I began to feel like the odd one out every one else could do the work but me I thought I was dumb, stupid and worthless I blamed my self for not understanding the work. After trying so hard to understand the work and fit in I eventually just gave up I just couldn't do it anymore. I then started to get mixed in with the wrong crowd these 3 boys who were always misbehaving I became friends with them. Even though we were friends we would bully each other to quite harsh lengths. I remember 1 of them cornering me and repetitively kicking me and not letting me go. That evening my mum had a go at the school because I was covered in purple/blue bruises and they hadn’t even tolled the child off for doing this. I got called names and made fun out of by my so called ‘friends’. I started to despise going to school and would say I was ill and refuse to go to school.

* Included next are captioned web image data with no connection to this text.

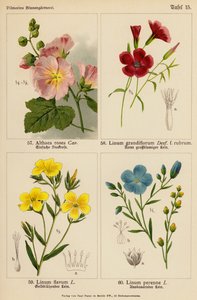 Althaea Rosea, Linum Grandiflorum, Linum Flavum, Linum Perenne (farvelitografi) af (after) German School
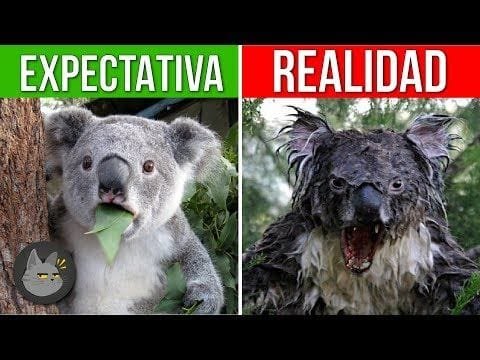 10 ANIMALES QUE SON MÁS PELIGROSOS DE LO QUE PIENSAS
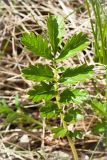 Potentilla anserina ssp. groenlandica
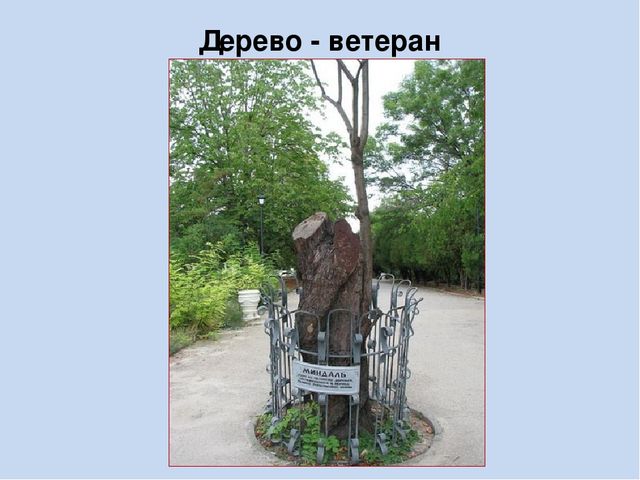Презентация, посвященная юбилею Великой Победы, "Город - герой Севастополь"
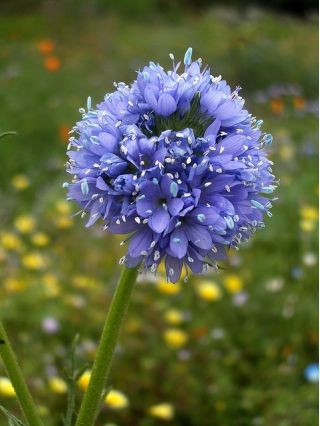 Globe Gilia seeds - Gilia capitata - 950 seeds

I became so frustrated at the fact I couldn’t do the work I started to misbehave, storm out of classrooms, run away from school and many other things. It got so bad they sent me and this other kid to a special behavioral school. At the age of 9 I started to become depressed and tolled my Mum that I hated myself and that I wished I would just die and threatened to kill myself on numerous occasions. When I left the school I had a reading and spelling age 3 years bellow what it should have been. I managed to catch all this up at my next school though luckily. I was also extremely underweight I remember at one point I weighed 4 stone and my little brother who is 6 years younger than me was average weight and weighed 3 stone.

My mum then sued the council and now they have to pay for my schooling and dyslexic support.

Lucid
Posts: 8
Joined: Wed Oct 17, 2012 5:26 pm
Location: London, England

Postby Lucid » Wed Oct 17, 2012 6:25 pm

Hi and welcome to the forum,

I struggled with having dyslexia and being bullied at school. I can relate to the anger and frustration you feel. Please realise that having
dyslexia doesn't mean you're less bright or capable. Our brains are wired differently and we tend to be more artistic rather than academic.
With the help of a dyslexia tutor you can learn how to overcome some
of these barriers.
Learning is still very difficult for me. My depression and low self-esteem
are an added burden. All of us on this forum are here to offer sympathy
and support. Take care.

Jasmin
Posts: 5
Joined: Thu Oct 04, 2012 4:52 pm
Location: England

Postby Jasmin » Wed Oct 31, 2012 9:20 am

Thanks lucid Yeh I'm good at seeing how things work like building stuff not to good in the academic though got all c's in my academic and an a* in ceramics and then a couple b's.